┌────────

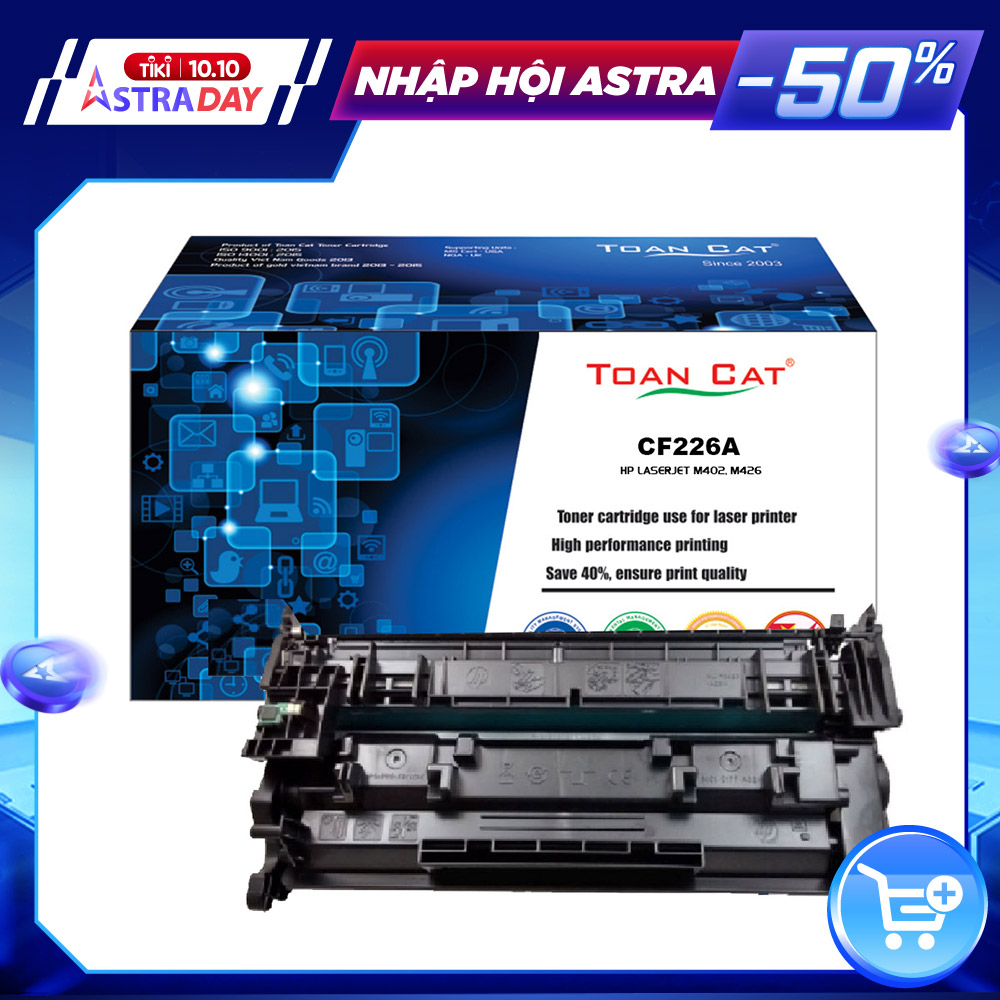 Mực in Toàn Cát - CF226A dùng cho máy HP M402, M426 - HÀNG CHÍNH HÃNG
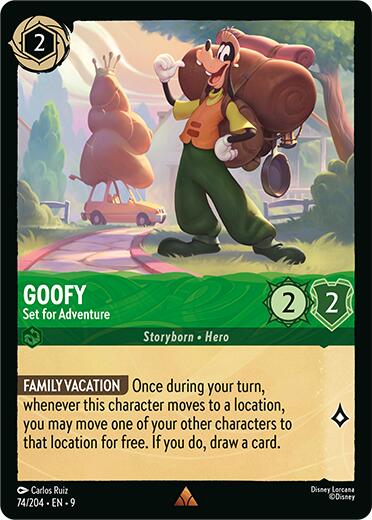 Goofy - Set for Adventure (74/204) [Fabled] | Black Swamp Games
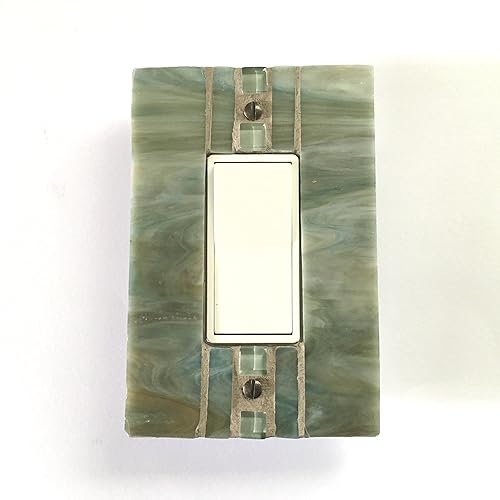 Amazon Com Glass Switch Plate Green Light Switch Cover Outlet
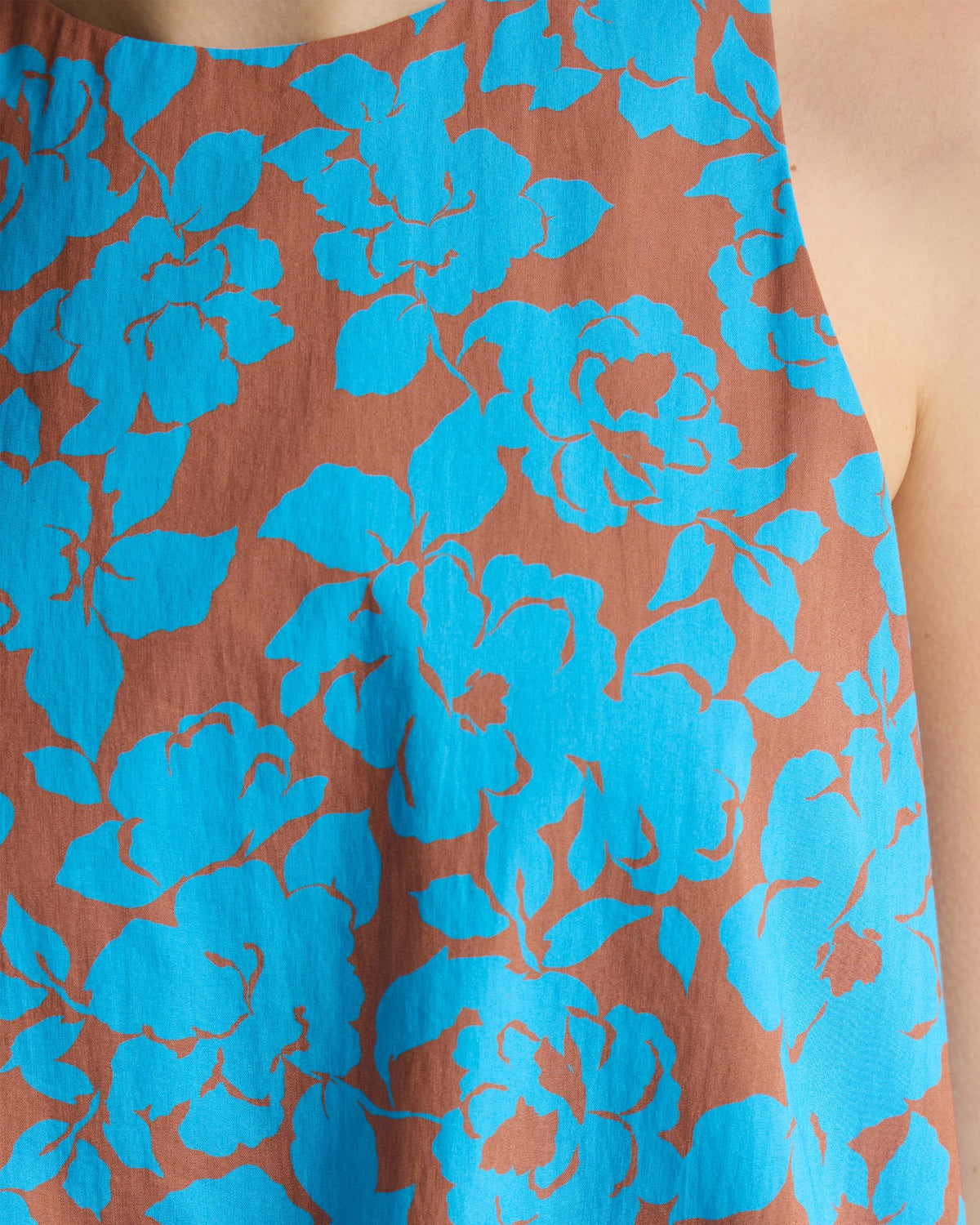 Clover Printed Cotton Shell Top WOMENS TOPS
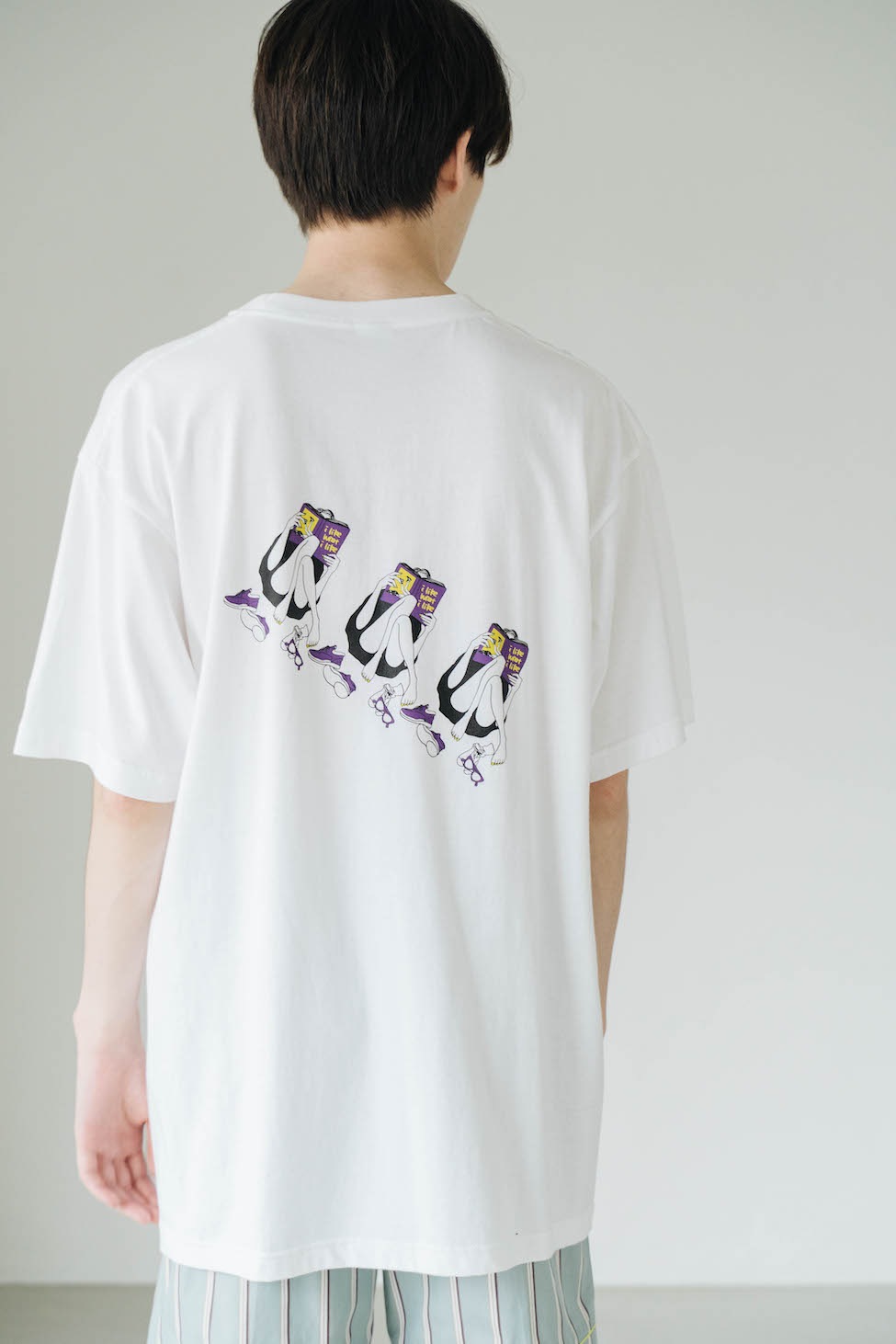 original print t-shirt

└────────

ACTIVITY: Using the listing above, write out exactly the lines from the one that holds "Amazon Com Glass" through the last line, both included, and omit pictures.

COMPLETED EXERCISE:
 Amazon Com Glass Switch Plate Green Light Switch Cover Outlet
 Clover Printed Cotton Shell Top WOMENS TOPS
 original print t-shirt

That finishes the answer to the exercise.